Scaling field-theoretic simulation for multi-component mixtures with neural operators

TL;DR

This paper introduces a neural operator-based method to efficiently simulate multi-component polymer mixtures, overcoming computational challenges of traditional molecular dynamics and field theories, especially for long polymers.

Contribution

The authors develop a scalable neural operator approach for field-theoretic simulations, enabling efficient analysis of complex multi-component mixtures beyond mean-field approximations.

Findings

Outperforms existing pseudospectral integrators in speed and accuracy

Successfully simulates six-component mixtures with diverse compositions

Significantly improves scalability for long polymer chains

Abstract

Multi-component polymer mixtures are ubiquitous in biological self-organization but are notoriously difficult to study computationally. Plagued by both slow single molecule relaxation times and slow equilibration within dense mixtures, molecular dynamics simulations are typically infeasible at the spatial scales required to study the stability of mesophase structure.
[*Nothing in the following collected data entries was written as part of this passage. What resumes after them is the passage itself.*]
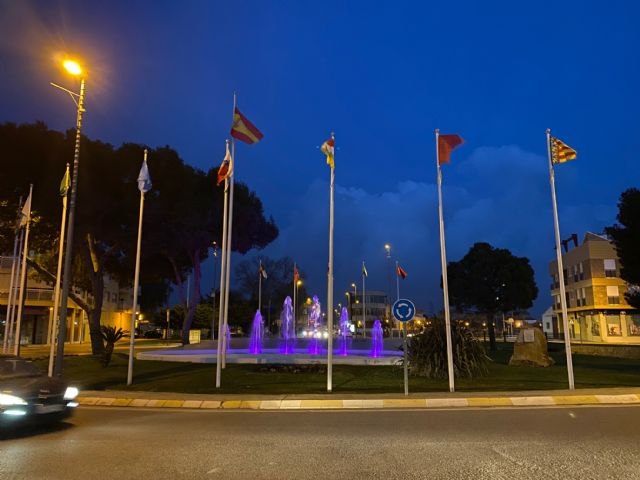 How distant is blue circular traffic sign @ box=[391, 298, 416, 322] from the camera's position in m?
13.9

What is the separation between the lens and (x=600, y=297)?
62.9 metres

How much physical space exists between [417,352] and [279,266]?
68.6m

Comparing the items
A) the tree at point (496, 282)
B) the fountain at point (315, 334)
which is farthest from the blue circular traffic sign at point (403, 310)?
the tree at point (496, 282)

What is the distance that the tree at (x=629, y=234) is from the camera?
30234 mm

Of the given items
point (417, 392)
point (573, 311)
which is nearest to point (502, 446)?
point (417, 392)

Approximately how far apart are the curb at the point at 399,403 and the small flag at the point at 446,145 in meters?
7.15

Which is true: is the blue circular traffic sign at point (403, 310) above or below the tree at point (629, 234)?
below

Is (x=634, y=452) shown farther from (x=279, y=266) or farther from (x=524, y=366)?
(x=279, y=266)

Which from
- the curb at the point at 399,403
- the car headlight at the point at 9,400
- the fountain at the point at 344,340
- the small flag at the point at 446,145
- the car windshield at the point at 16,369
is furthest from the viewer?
the fountain at the point at 344,340

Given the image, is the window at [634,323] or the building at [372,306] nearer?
the window at [634,323]

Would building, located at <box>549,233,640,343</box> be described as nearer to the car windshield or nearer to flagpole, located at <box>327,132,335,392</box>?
flagpole, located at <box>327,132,335,392</box>

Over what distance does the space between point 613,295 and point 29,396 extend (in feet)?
218

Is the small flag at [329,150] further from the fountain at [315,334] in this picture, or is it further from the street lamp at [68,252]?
the fountain at [315,334]

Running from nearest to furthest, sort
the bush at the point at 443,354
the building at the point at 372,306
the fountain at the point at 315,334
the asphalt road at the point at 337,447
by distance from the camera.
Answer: the asphalt road at the point at 337,447
the bush at the point at 443,354
the fountain at the point at 315,334
the building at the point at 372,306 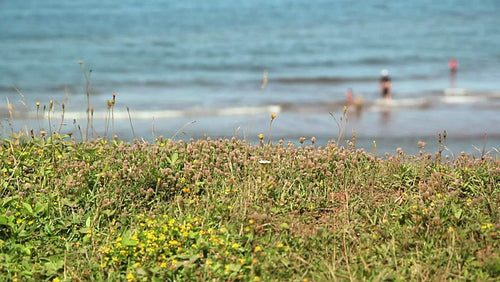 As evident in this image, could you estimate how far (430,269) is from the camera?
4.28 m

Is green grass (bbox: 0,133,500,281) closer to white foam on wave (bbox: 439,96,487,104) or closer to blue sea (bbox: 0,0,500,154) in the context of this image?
blue sea (bbox: 0,0,500,154)

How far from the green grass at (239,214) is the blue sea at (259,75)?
820 millimetres

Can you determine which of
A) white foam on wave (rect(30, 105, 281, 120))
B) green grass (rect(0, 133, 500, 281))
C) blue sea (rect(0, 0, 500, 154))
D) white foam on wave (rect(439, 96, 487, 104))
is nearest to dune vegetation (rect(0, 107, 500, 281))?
green grass (rect(0, 133, 500, 281))

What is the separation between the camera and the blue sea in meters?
15.9

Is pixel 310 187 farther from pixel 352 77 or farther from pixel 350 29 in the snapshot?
pixel 350 29

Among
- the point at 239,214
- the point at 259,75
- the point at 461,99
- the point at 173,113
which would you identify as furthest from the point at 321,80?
the point at 239,214

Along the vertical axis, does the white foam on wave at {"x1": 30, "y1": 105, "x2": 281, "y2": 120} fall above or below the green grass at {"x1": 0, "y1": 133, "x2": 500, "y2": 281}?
above

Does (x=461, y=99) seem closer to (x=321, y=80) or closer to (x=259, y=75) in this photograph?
(x=321, y=80)

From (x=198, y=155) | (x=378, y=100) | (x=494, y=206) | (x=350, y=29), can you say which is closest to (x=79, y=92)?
(x=378, y=100)

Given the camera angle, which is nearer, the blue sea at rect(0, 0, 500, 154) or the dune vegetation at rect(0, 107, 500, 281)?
the dune vegetation at rect(0, 107, 500, 281)

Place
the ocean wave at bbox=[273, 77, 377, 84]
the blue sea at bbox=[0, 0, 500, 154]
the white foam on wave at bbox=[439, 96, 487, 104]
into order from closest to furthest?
the blue sea at bbox=[0, 0, 500, 154] < the white foam on wave at bbox=[439, 96, 487, 104] < the ocean wave at bbox=[273, 77, 377, 84]

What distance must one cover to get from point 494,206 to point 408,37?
35891 millimetres

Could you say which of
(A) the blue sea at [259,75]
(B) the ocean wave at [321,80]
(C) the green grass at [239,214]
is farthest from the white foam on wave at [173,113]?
(C) the green grass at [239,214]

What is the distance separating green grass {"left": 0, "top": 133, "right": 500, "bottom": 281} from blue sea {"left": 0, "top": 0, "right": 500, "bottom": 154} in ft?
2.69
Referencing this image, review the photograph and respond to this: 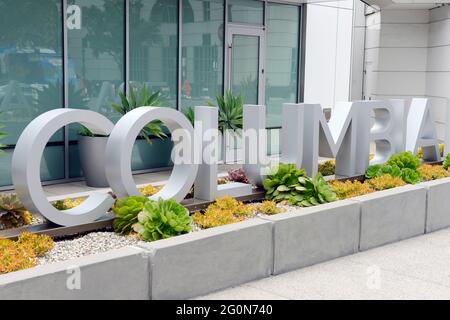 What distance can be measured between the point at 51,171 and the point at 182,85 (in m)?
3.20

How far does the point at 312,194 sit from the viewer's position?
7402 mm

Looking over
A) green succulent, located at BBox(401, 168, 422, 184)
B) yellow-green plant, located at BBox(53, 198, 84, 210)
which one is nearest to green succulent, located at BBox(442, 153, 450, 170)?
green succulent, located at BBox(401, 168, 422, 184)

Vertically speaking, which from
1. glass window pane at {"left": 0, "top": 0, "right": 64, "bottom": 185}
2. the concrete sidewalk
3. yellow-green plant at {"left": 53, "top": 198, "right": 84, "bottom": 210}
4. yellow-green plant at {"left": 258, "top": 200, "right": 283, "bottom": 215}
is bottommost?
the concrete sidewalk

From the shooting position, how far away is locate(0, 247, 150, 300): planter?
178 inches

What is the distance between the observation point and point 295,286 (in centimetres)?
605

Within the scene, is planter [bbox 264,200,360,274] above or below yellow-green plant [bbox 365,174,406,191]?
below

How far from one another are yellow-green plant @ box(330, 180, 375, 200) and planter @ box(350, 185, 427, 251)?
0.25m

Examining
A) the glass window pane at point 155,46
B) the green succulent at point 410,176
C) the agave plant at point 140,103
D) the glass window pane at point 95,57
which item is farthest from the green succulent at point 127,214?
the glass window pane at point 155,46

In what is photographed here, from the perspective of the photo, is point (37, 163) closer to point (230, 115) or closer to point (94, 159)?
point (94, 159)

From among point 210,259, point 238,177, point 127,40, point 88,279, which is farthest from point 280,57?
point 88,279

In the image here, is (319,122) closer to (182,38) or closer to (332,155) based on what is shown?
(332,155)

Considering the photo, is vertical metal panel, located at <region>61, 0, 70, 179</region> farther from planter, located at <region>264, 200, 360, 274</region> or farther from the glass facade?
planter, located at <region>264, 200, 360, 274</region>

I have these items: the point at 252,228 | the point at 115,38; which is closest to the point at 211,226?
the point at 252,228

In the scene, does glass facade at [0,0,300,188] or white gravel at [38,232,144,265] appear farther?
glass facade at [0,0,300,188] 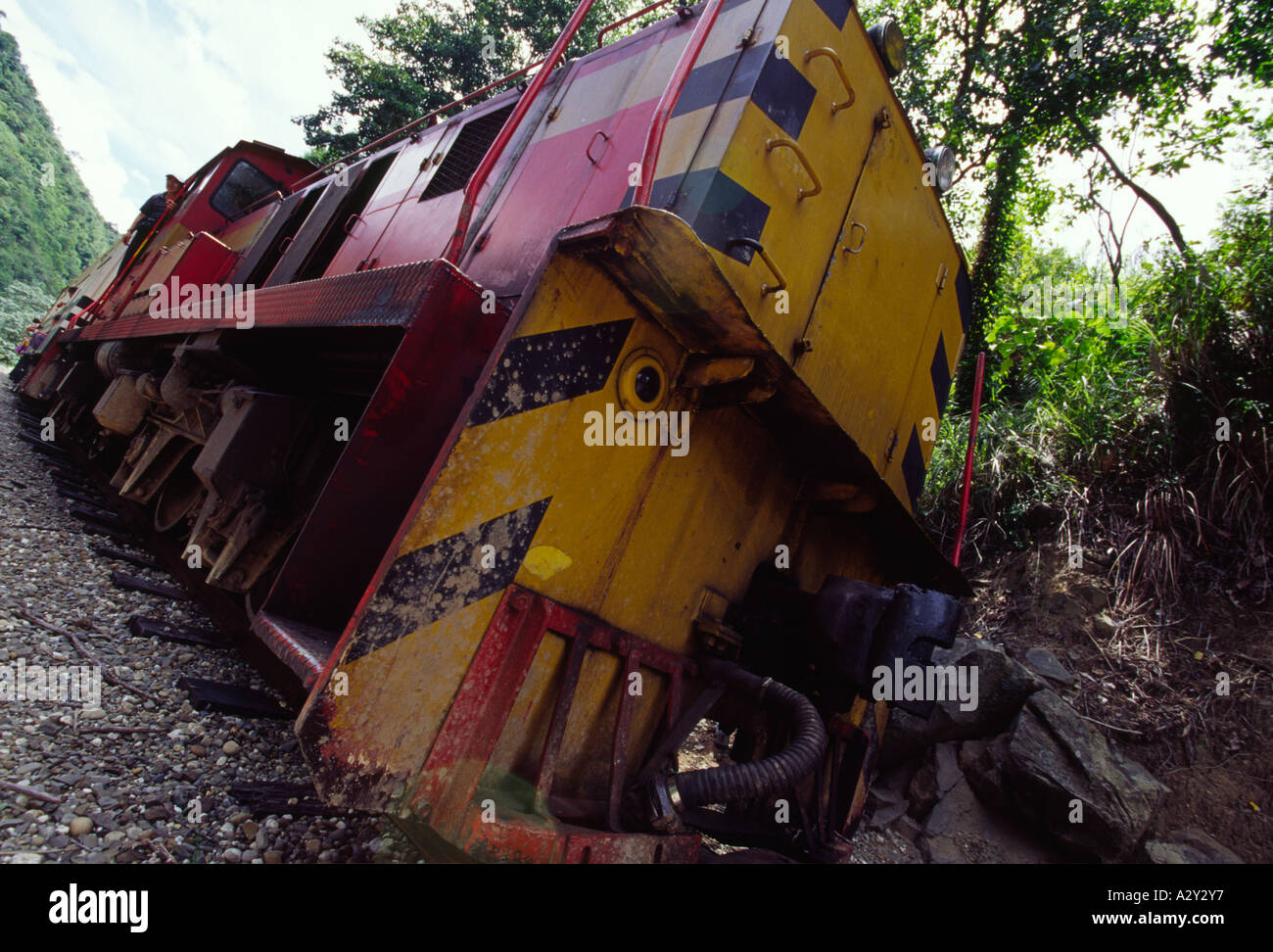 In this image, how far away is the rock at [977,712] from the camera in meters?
3.91

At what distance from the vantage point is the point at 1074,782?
11.0 feet

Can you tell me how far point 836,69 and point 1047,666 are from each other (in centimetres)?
408

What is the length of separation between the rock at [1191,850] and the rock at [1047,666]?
0.98 metres

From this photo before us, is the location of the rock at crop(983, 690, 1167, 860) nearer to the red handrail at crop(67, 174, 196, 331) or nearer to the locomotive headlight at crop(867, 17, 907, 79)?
the locomotive headlight at crop(867, 17, 907, 79)

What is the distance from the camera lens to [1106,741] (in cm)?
359

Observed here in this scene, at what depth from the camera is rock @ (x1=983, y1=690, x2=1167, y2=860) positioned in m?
3.20

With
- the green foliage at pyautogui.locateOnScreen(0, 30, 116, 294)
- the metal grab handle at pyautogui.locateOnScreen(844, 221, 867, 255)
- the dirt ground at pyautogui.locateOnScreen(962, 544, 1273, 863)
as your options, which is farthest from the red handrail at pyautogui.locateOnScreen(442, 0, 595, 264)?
the green foliage at pyautogui.locateOnScreen(0, 30, 116, 294)

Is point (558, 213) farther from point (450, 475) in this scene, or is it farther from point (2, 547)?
point (2, 547)

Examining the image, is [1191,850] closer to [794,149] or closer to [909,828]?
[909,828]

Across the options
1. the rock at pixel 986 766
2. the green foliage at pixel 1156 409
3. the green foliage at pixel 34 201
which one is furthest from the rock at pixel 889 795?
the green foliage at pixel 34 201

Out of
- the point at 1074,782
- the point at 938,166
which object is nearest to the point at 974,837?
the point at 1074,782

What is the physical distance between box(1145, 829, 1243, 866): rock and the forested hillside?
4221 centimetres

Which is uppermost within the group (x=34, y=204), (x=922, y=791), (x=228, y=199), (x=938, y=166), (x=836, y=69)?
(x=34, y=204) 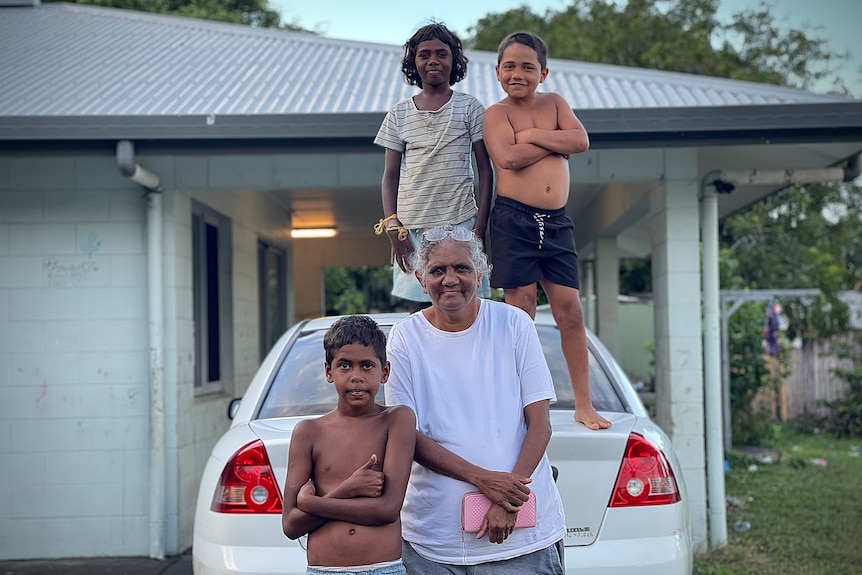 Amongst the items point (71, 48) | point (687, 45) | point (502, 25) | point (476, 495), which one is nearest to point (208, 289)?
point (71, 48)

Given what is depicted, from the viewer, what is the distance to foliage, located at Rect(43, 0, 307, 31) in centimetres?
2369

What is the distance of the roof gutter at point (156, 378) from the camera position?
6637 millimetres

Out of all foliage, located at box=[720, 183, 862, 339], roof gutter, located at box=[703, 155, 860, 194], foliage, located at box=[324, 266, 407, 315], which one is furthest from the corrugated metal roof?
foliage, located at box=[324, 266, 407, 315]

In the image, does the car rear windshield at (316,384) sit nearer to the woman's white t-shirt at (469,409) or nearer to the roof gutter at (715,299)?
the woman's white t-shirt at (469,409)

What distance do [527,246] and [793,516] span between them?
18.7ft

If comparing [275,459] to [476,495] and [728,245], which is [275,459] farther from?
[728,245]

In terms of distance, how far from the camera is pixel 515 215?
12.0 feet

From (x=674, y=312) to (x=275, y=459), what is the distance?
155 inches

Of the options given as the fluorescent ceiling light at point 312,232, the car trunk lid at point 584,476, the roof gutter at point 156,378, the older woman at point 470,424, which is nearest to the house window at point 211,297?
the roof gutter at point 156,378

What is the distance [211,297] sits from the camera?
28.1 feet

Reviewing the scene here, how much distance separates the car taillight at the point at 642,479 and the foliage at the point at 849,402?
13.8 m

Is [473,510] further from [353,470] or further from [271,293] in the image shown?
[271,293]

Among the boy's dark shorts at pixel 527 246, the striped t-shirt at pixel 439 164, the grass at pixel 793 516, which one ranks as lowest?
the grass at pixel 793 516

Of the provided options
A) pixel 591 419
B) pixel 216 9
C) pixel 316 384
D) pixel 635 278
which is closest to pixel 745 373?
pixel 316 384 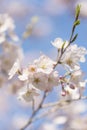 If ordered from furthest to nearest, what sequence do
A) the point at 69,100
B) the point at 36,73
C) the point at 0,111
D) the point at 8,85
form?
the point at 0,111 → the point at 8,85 → the point at 69,100 → the point at 36,73

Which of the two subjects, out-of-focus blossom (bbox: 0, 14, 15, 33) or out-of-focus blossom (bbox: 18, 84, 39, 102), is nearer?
out-of-focus blossom (bbox: 18, 84, 39, 102)

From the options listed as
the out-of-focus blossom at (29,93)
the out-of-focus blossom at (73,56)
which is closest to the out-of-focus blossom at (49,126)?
the out-of-focus blossom at (29,93)

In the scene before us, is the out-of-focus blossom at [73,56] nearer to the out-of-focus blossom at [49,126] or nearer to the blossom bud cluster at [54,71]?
the blossom bud cluster at [54,71]

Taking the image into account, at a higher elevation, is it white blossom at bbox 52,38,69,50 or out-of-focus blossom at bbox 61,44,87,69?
white blossom at bbox 52,38,69,50

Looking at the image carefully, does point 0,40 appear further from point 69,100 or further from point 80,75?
point 80,75

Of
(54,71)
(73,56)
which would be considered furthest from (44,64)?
(73,56)

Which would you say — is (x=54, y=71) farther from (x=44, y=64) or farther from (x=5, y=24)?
(x=5, y=24)

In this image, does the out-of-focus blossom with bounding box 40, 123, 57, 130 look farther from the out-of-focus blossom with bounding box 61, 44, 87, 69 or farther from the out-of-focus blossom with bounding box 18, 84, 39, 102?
the out-of-focus blossom with bounding box 61, 44, 87, 69

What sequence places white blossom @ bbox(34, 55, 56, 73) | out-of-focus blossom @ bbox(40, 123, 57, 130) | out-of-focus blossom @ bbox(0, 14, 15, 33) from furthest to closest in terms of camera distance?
1. out-of-focus blossom @ bbox(40, 123, 57, 130)
2. out-of-focus blossom @ bbox(0, 14, 15, 33)
3. white blossom @ bbox(34, 55, 56, 73)

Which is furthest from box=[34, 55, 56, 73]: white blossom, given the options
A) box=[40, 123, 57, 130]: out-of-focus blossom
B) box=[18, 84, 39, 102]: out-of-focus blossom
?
box=[40, 123, 57, 130]: out-of-focus blossom

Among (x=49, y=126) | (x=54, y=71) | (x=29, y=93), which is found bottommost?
(x=49, y=126)

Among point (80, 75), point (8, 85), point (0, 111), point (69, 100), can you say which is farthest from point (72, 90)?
point (0, 111) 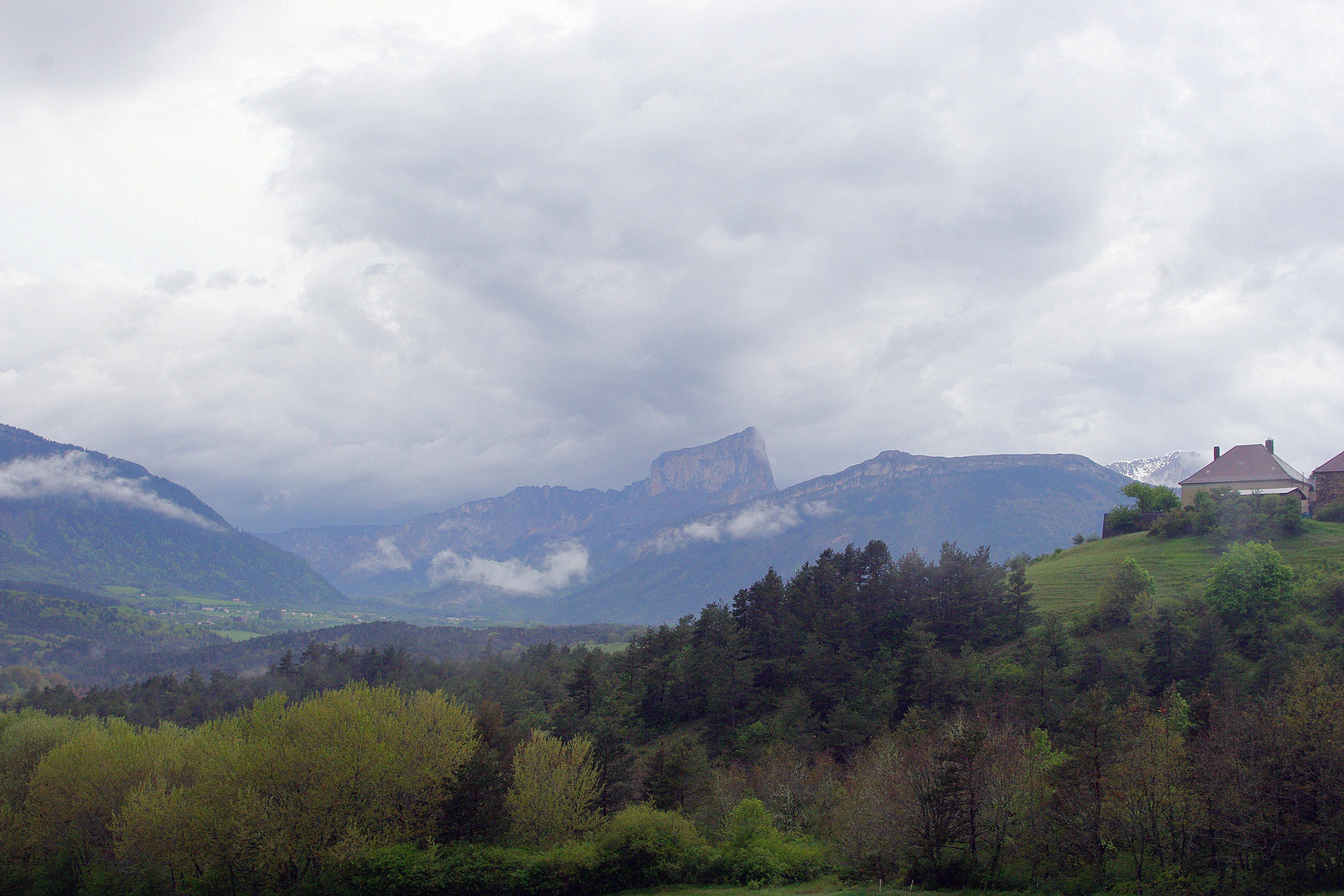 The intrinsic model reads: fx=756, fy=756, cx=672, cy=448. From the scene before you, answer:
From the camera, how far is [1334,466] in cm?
10094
Polymer field theories offer an attractive alternative, but analytical calculations are only tractable for mean-field theories and nearby perturbations, constraints that become especially problematic for fluctuation-induced effects such as coacervation. Here, we show that a recently developed technique for obtaining numerical solutions to partial differential equations based on operator learning, *neural operators*, lends itself to a highly scalable training strategy by parallelizing per-species operator maps. We illustrate the efficacy of our approach on six-component mixtures with randomly selected compositions and that it significantly outperforms the state-of-the-art pseudospectral integrators for field-theoretic simulations, especially as polymer lengths become long.